▶ RECORDS SHOWN

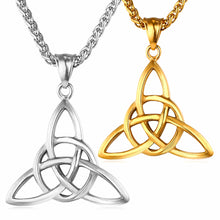 Load image into Gallery viewer, ENXICO Triquetra The Celtic Trinity Knot Pendant Necklace ? 316L Stainless Steel ? Irish Celtic Jewelry (Gold)
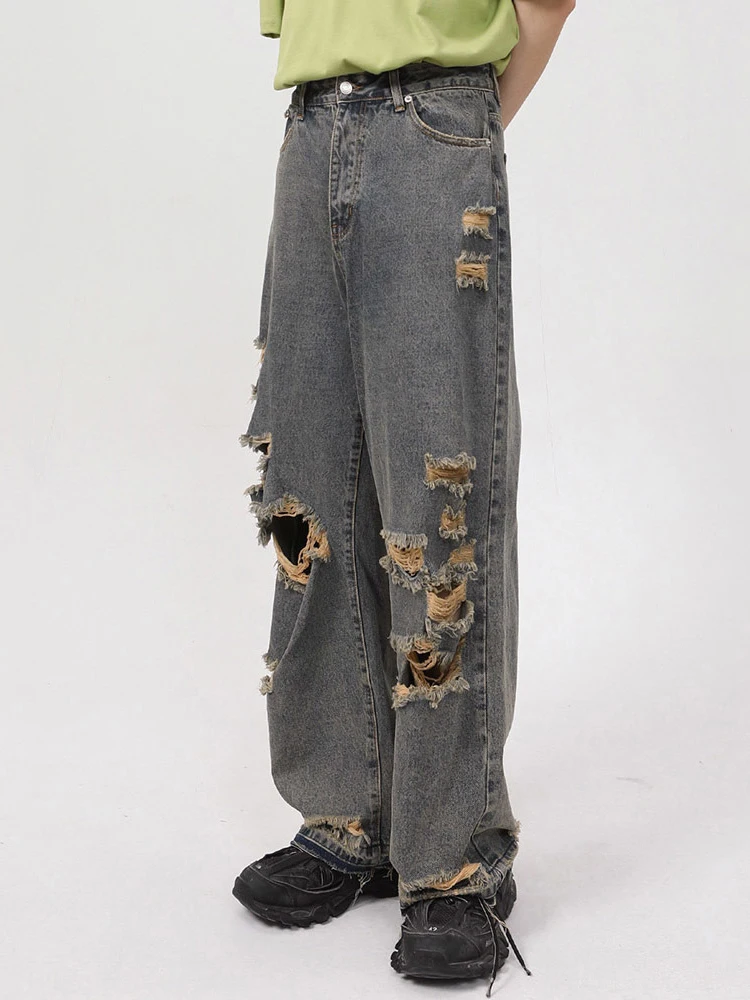 Four Seasons Men's Summer Casual Jeans Men New Korean Fashion Personality Straight Men Pants Retro Trousers INS Hot Sale JEANS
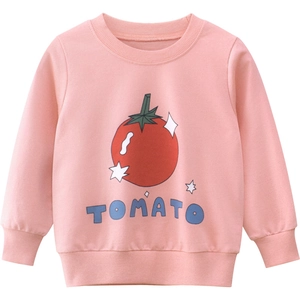 Pink kids cotton sweatshirt with a red tomato print and long sleeves for autumn wear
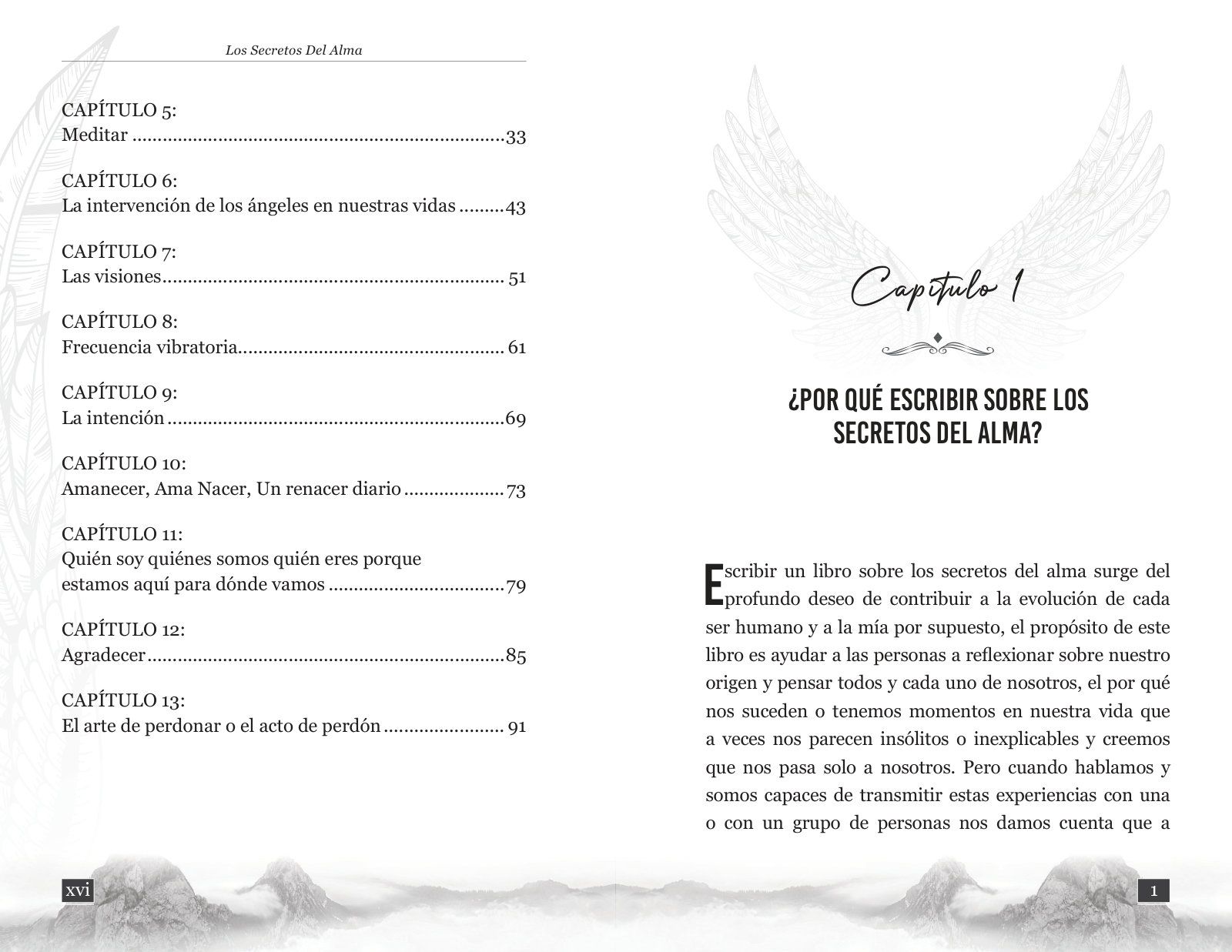 Páginas 16 y 17 de «Los secretos del Alma»: apertura de capítulo
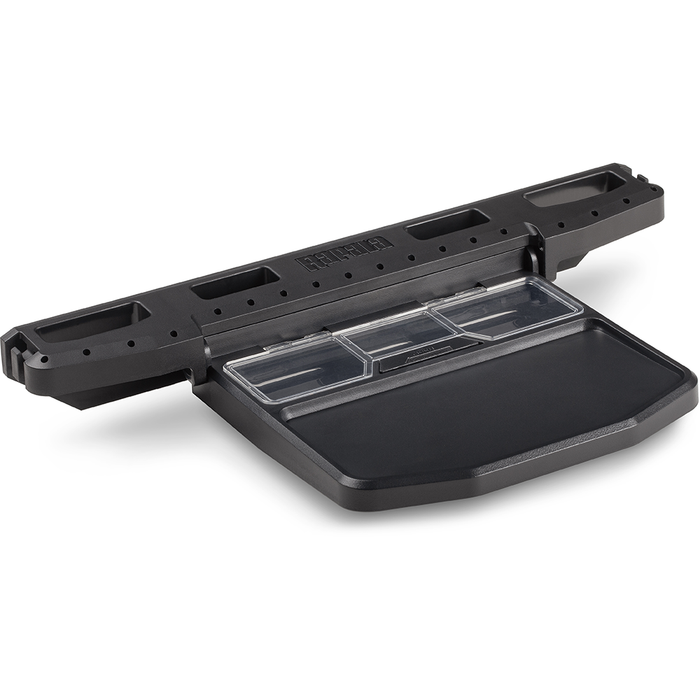 Black plastic Rapala Smart Hub Workstation featuring multiple compartments, including a clear compartment lid and a fold-out work surface, designed for organizing fishing tackle and tools.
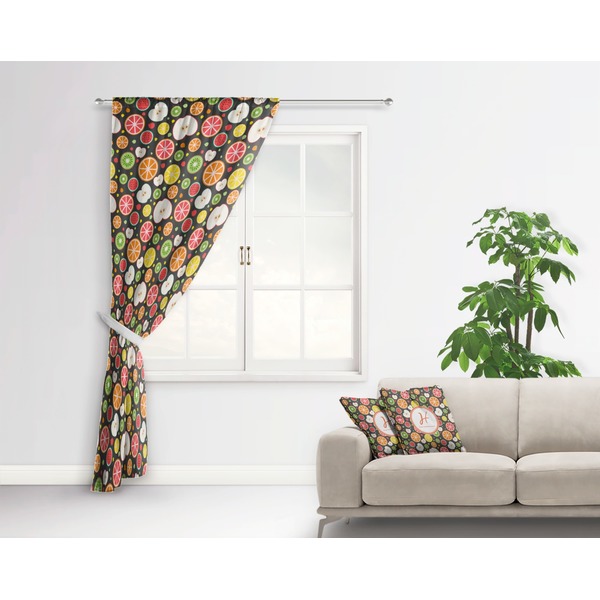 Apples & Oranges Curtain With Window and Rod - in Room Matching Pillow
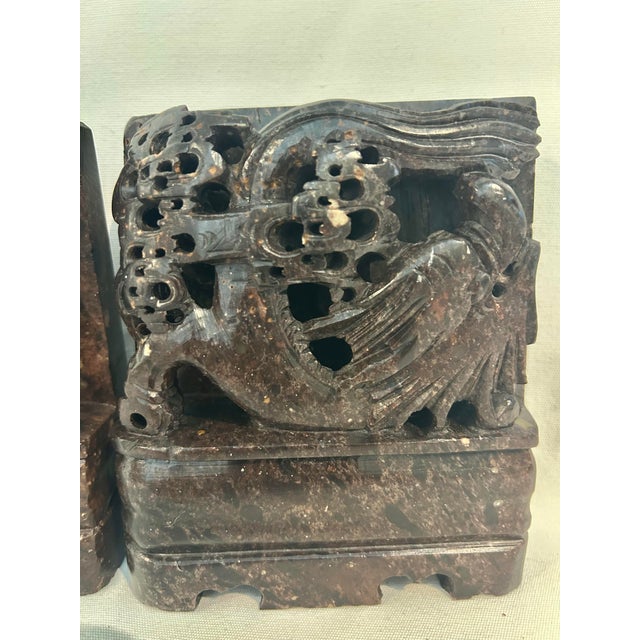 Vintage Chinoiserie Carved Soapstone Phoenix Bookends – Mirrored Pair For Sale - Image 4 of 12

▶ WHAT THE EXERCISE ASKS
The copy must match each record exactly, apart from the images, which stay out.

▶ OUTPUT BELOW
 Load image into Gallery viewer, ENXICO Triquetra The Celtic Trinity Knot Pendant Necklace ? 316L Stainless Steel ? Irish Celtic Jewelry (Gold)
 Four Seasons Men's Summer Casual Jeans Men New Korean Fashion Personality Straight Men Pants Retro Trousers INS Hot Sale JEANS
 Pink kids cotton sweatshirt with a red tomato print and long sleeves for autumn wear
 Páginas 16 y 17 de «Los secretos del Alma»: apertura de capítulo
 Black plastic Rapala Smart Hub Workstation featuring multiple compartments, including a clear compartment lid and a fold-out work surface, designed for organizing fishing tackle and tools.
 Apples & Oranges Curtain With Window and Rod - in Room Matching Pillow
 Vintage Chinoiserie Carved Soapstone Phoenix Bookends – Mirrored Pair For Sale - Image 4 of 12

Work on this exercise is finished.